Morrigan: Allow me to leap to the supposition that you disagree.
Wynne: Let us say that the Circle did not exist. What sort of a world would you envision for mages? Would you advocate a return to the days of the Imperium?
Morrigan: I advocate nothing. Nature dictates that the strong survive, if they have the will.
Wynne: So you prefer a life of hardship and fear, so long as you believe you aren't tethered and free to do as you wish.
Morrigan: That is so.
Wynne: But are you not here because your mother wished you to be?
Morrigan: I could leave if I desired to.
Wynne: Of course. It simply strikes me as odd that one who believes in such freedom has never spent any time alone and unprotected.
like it's not that wynne looks at morrigan and sees only a manipulative temptress bent on vaguely evil ends. this dialogue reads to me as tho she is fully capable of recognizing that morrigan is a) deeply naive and b) totally unprepared for the world that wynne believes eats up vulnerable young mages like her lost apprentice. i think there's also the implication here that wynne understands that flemeth is not a particularly good mother, and while she doesn't approve of killing flemeth, you can garner a whopping -5 disapproval, the highest of everyone, for letting flemeth go but telling morrigan that she's dead.
the second dialogue is this one:
Morrigan: I have spent time alone and unprotected.
Wynne: I'm sorry, what?
Morrigan: You said earlier that I had spent no time alone, I have. I left the wilds more than once when I was young to seek more of the world of men.
Wynne: Did you return to the Wilds on your own? Or did your mother seek you out?
Morrigan: She would never leave the Wilds. I returned on my own. The world of man… is dangerous.
Wynne: And frightening, I imagine. Especially for someone ill-prepared for it.
Morrigan: But the Circle is no place of safety. 'Tis a place of subjugation.
Wynne: Is it? It is by no means perfect, I agree, but consider the alternative. At least other mages can understand our struggle. We can help each other.
Morrigan: It is… something to consider, I suppose.
Wynne: Well that's certainly something.
here, morrigan kind of accidentally admits that she was rattled by what wynne said to her, and while she's trying to assert her independence, what she's describing is neglect. wynne picks up on that. wynne had a community of mages who could understand her struggle. morrigan had flemeth, and flemeth let morrigan go out on her own 'ill-prepared'.

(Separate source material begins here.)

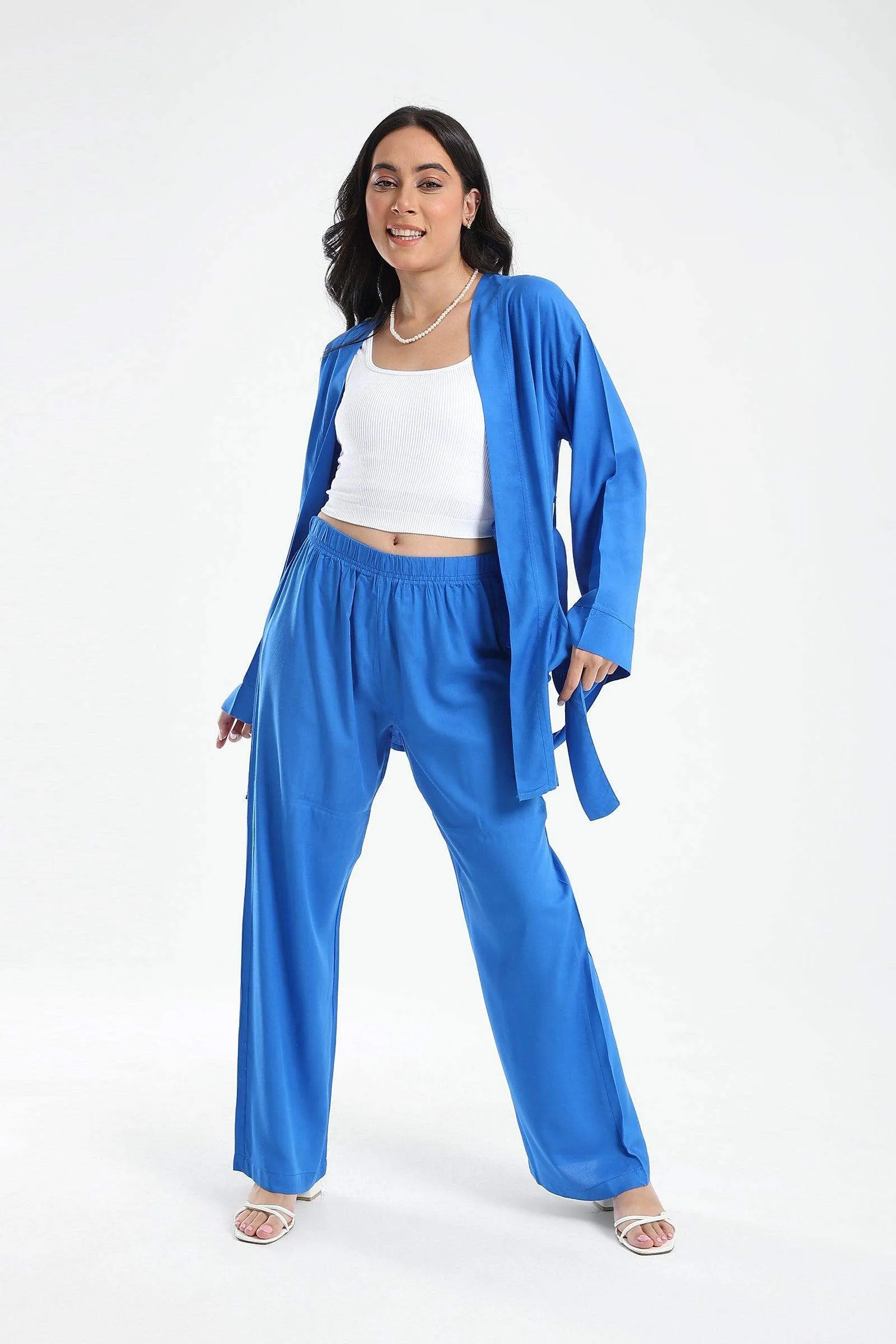 Elastic Waist Loose Pants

but when wynne talks to a morrigan-romancing warden, even tho morrigan's romance involves her getting extremely reluctant abt physical intimacy, wynne frames the relationship as she sees it as one where morrigan is constantly lusting after the warden — wynne says it's 'as though [morrigan] has completely forgotten there's anything of [the warden] above the waist.' and wynne also confronts morrigan about the romance:
Morrigan: You do not approve of me, do you?
Wynne: You have to ask? I didn't realize I was being subtle.
Morrigan: Ah, the old cat still has her claws, I see. And you also do not approve of my involvement with our stalwart Grey Warden.
Wynne: You are dangerous, Morrigan. Dangerous, cunning and thoroughly deceitful. But you are beautiful, and he is young. It's a pity he doesn't know any better.
Morrigan: Why, Wynne, I do believe that is the first time you have ever offered a compliment. Thank you.
Wynne: Only you would take that as a compliment.
Morrigan: Listen, old woman. what happens between myself and him is not your concern. You can approve or not approve as you wish, but this is one thing you cannot influence and mold to your liking.
Wynne: So you say. I do hope that one day soon you will discover that neither is he.
Morrigan: You mistake my intent, old cat. And you are a fool.
Wynne: Am I? Well, let's hope so.
wynne was a young mage who was taken advantage of by someone w far more power than her, and it resulted in a tragedy. granted, not every warden is necessarily less vulnerable than morrigan, but every warden that has the capability to knock morrigan up will suffer none of the consequences of a pregnancy endured alone.
wynne can recognize that morrigan, for all her protestations, was ultimate a child w an inadequate protector — not unlike aneurin, whose fate she agonizes over even tho she's taking on more guilt than is necessary. but wynne connects morrigan's beauty w how dangerous wynne believes morrigan to be. morrigan at one point snipes that she 'is still young, beautiful, and my life is [her] own while [wynne is] bound to that circle', but it's clear that she feels her beauty gives her status. for wynne, it's a weapon in morrigan's arsenal.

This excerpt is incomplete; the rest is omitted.